Thirteen years later, Christopher Nolan’s “Inception” is still a film that comes up in discussion every now and then with one of the most talked about elements still being the film’s infamous ending.
That film, about a group of criminals who enter people’s dreams to extract or place information, ends with Leonardo DiCaprio’s Dom Cobb seemingly returning home to his children.
The final shot sees him spinning his ‘totem’, in his case a spinning top, and then walking out to see his kids. The audience knows if the totem keeps spinning, then he is still dreaming. The top spins consistently and then has only a slight wobble before it cuts to black. It’s a deliberately ambiguous finale with at least two possible interpretations.

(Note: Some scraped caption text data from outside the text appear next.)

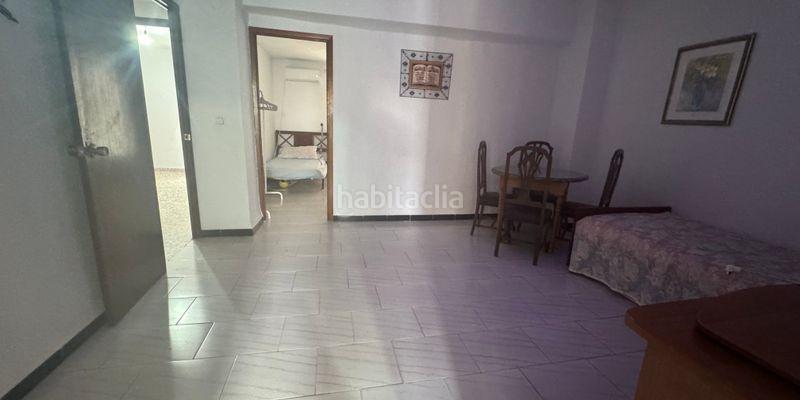 Foto 219c3e86-51d2-4b88-9563-d8ea87676a1e. Casa a Bujalance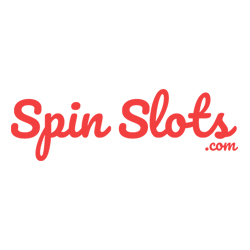 Spin Slots Casino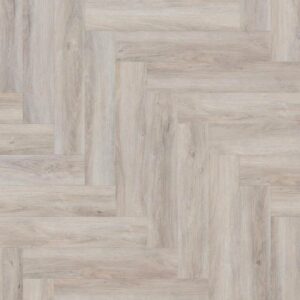 Solidfloor Mansion Collectie Sand CE Herringbone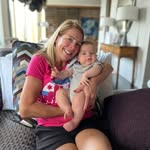 Nancy Dvorak Seiboldt - @nancy.seiboldt - Instagram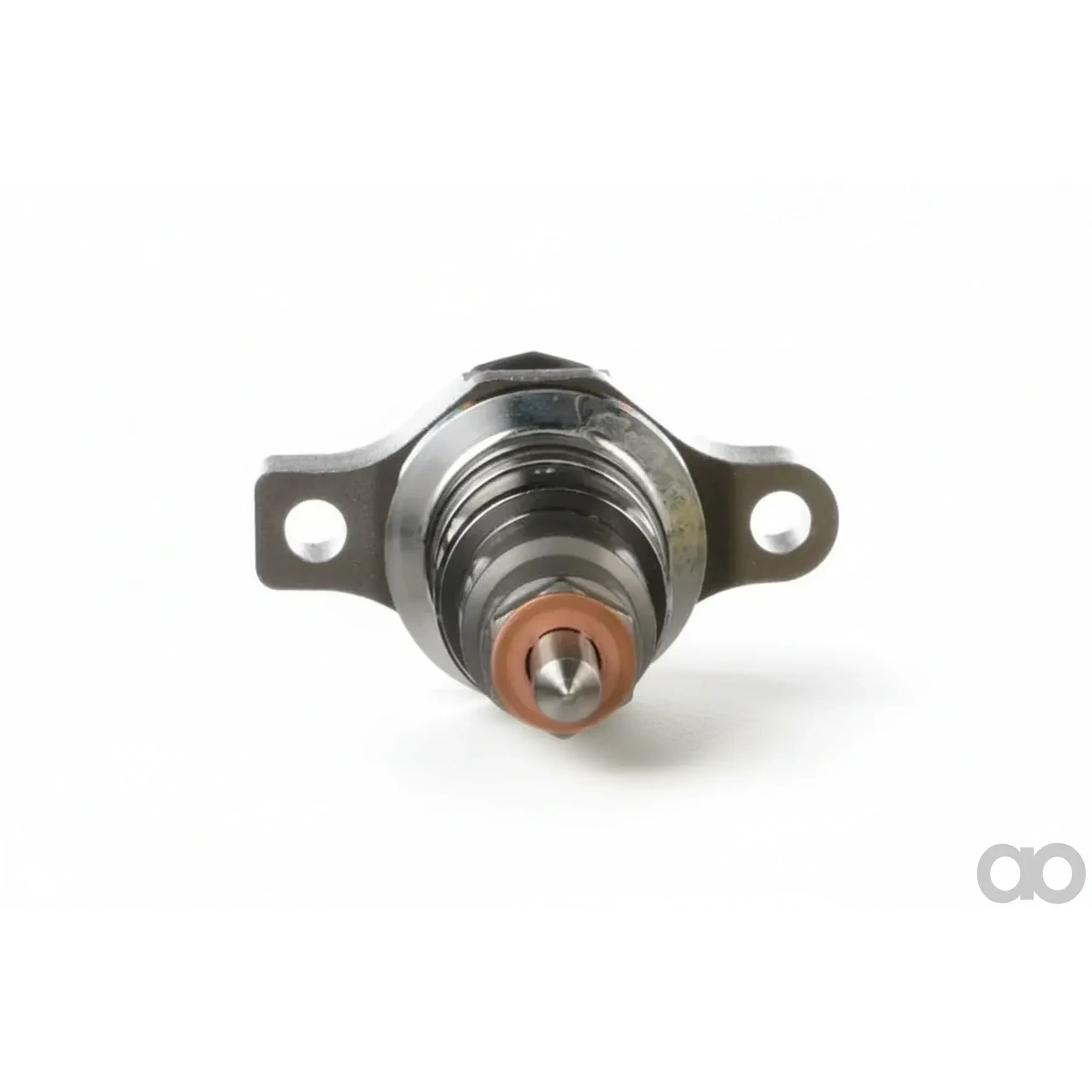 Case IH - 5801618038 - Kraftstoffeinspritzduese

Out promoting his new film “Oppenheimer,” the filmmaker spoke with Happy Sad Confused and has offered his own take when asked what the correct ending is:
“I went through a phase where I was asked that a lot. I think it was [producer] Emma Thomas who pointed out the correct answer, which is Leo’s character… the point of the shot is the character doesn’t care at that point. It’s not a question I comfortably answer.”
This follows on from comments to Wired the other week which adds to that new answer:
“There is a nihilistic view of that ending, right? But also, he’s moved on and is with his kids. The ambiguity is not an emotional ambiguity. It’s an intellectual one for the audience.”
Nolan also says he visited screenings of the movie on opening weekends and realised how the ending played with people:
“In terms of sitting with a crowd and experiencing the end of the film, ‘Inception’ was a very unique type of ending. If I would sneak into the back of the theater when it was playing, and we would get to the end, there would be a tremendous sort of gasp, groans, frustrations — it was an incredible mixture and I would feel very much like I need to get out of here before anybody notices I’m there.”
“Oppenheimer” is currently playing in cinemas.